Feeding children is an art. Each child is different, and we need to approach food mindfully and peacefully. Parents and caregivers must remind themselves to stay mindful and peaceful, sometimes on a daily basis, and not to be too quick to label their children. Many parents and caregivers label their children as “picky eaters” – my son is what I sometimes silently refer to as a “non-adventurous eater” (as to not label him so early on in his life) as he is seldom willing to try new foods. It is because of this that I prefer to prepare and eat meals at home, as when we dine out, he is only willing to eat a few “safe” items such as pasta, pizza, or French fries. I do look forward to when he enjoys dining out because I anticipate opportunities of sharing different cuisines with my little guy.
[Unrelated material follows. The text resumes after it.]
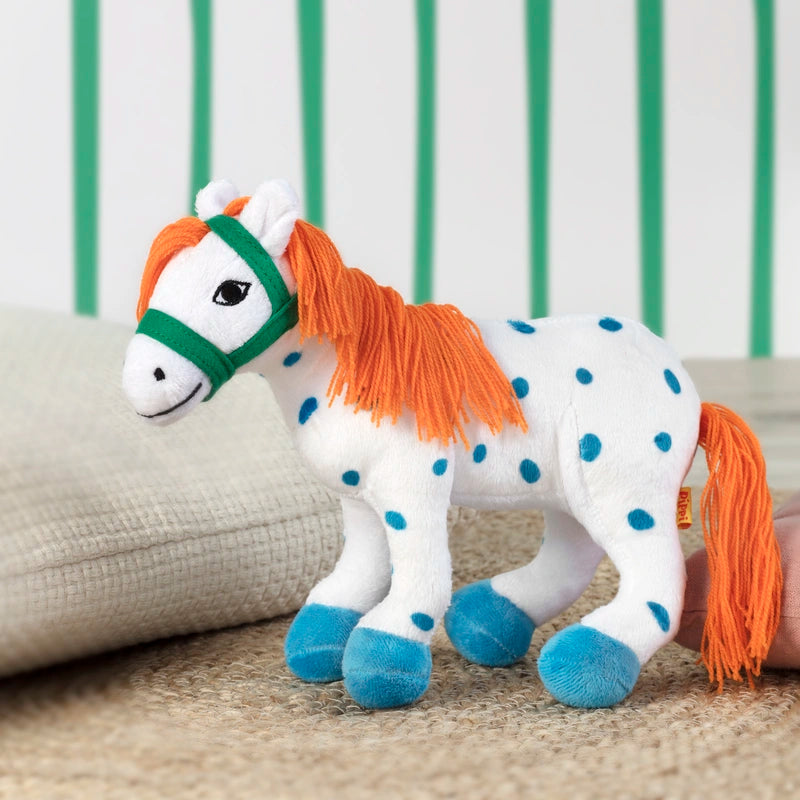 Pippi Longstocking Lilla Gubben Horse, 22 cm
At home, I am able to provide a variety of foods and feel confident he is getting well balanced nutrition. Each meal consists of a spread of nutritious and wholesome foods. I look at it as an opportunity to expand his palate by making variations of foods that he already enjoys; for example, if your child enjoys French fries, try making variations that include baking with different seasonings to expand their taste buds. It is during mealtimes that I can also model good behavior of eating a variety of foods; even if he doesn’t try the foods I am eating, I know he is watching me. I also make mealtimes neutral and I never push him to try foods. I let him decide what he eats and how much he eats, but be aware that this can vary greatly from day to day and try not to overthink or worry about their choices too much. I like to make mealtimes fun and interactive, and I always try to leave a good chunk of time so we don’t rush through mealtime conversation.
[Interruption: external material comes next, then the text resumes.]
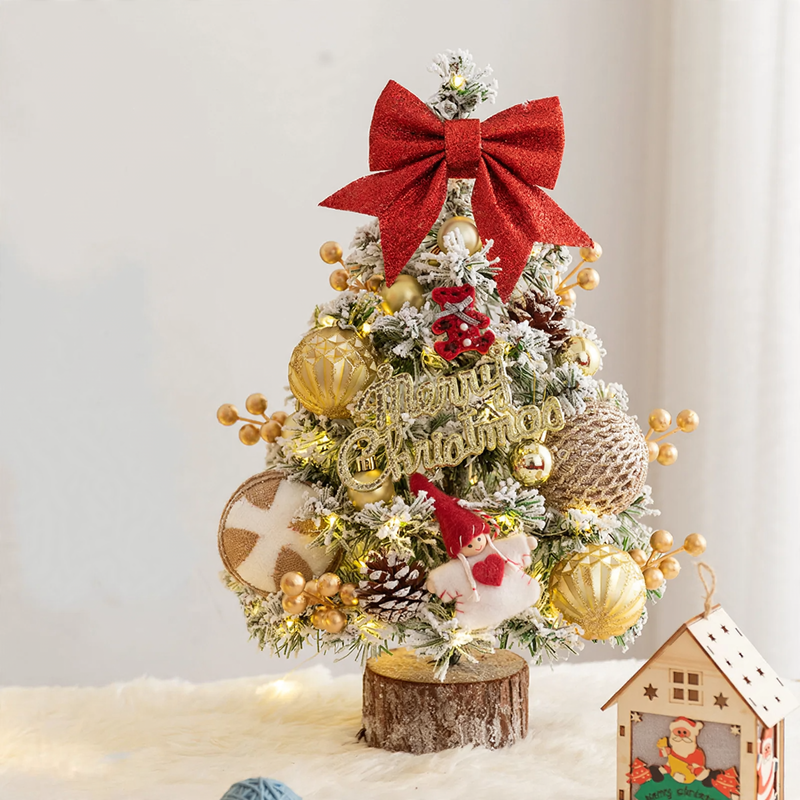 Artificial Mini Christmas Tree for the Table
Working with parents and caregivers, it becomes clear that we enable such “picky” behavior. All we want is for children to eat so they are well-nourished and healthy. We may have good intentions but sometimes our good intentions make mealtimes stressful and create a negative undertone. Try to relax, breathe and not overreact if your child does not eat up to your standards. Children have an innate ability to know what and how much to eat as long as you provide them with a selection of nutritious foods. As your children grow, so will their taste buds, and most kids eventually grow out of “picking eating”. Therefore, make it your job to provide nutritious foods but let your children have control over their own food intake.
Here are some positive tips to help your child have a good relationship with food and mealtimes:
- Let your kids be “produce pickers.” Let them pick out fruits and veggies at the store.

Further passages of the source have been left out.